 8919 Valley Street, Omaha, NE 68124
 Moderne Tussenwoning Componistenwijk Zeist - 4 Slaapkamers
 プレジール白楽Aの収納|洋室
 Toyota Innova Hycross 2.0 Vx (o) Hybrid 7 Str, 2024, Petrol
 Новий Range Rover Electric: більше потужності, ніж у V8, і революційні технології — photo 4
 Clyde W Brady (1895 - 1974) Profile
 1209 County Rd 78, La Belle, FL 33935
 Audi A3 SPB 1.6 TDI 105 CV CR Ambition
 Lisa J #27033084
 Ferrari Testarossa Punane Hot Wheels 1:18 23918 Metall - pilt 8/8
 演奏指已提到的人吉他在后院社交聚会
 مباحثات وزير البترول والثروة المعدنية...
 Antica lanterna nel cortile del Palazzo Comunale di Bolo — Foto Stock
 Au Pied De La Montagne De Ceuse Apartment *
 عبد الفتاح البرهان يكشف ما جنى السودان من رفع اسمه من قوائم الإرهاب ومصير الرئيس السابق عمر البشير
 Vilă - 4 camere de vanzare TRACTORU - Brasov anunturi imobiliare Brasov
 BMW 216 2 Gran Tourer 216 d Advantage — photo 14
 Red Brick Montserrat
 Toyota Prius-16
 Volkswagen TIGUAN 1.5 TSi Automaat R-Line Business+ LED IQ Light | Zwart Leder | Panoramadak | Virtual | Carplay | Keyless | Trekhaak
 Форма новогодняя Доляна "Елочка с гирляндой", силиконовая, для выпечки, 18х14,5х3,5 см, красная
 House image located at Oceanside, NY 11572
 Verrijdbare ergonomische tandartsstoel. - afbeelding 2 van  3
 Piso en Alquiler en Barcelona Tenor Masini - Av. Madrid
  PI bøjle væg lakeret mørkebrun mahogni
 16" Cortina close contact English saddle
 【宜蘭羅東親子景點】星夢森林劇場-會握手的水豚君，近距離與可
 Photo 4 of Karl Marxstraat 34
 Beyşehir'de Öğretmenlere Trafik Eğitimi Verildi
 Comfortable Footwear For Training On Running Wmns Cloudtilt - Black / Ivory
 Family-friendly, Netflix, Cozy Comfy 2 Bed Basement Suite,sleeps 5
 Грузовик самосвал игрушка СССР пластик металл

══════════════════════════════

[EXERCISE AIM] The result should be every line that contains "Toyota", copied from the entries.

[ANSWER SPACE]
 Toyota Innova Hycross 2.0 Vx (o) Hybrid 7 Str, 2024, Petrol
 Toyota Prius-16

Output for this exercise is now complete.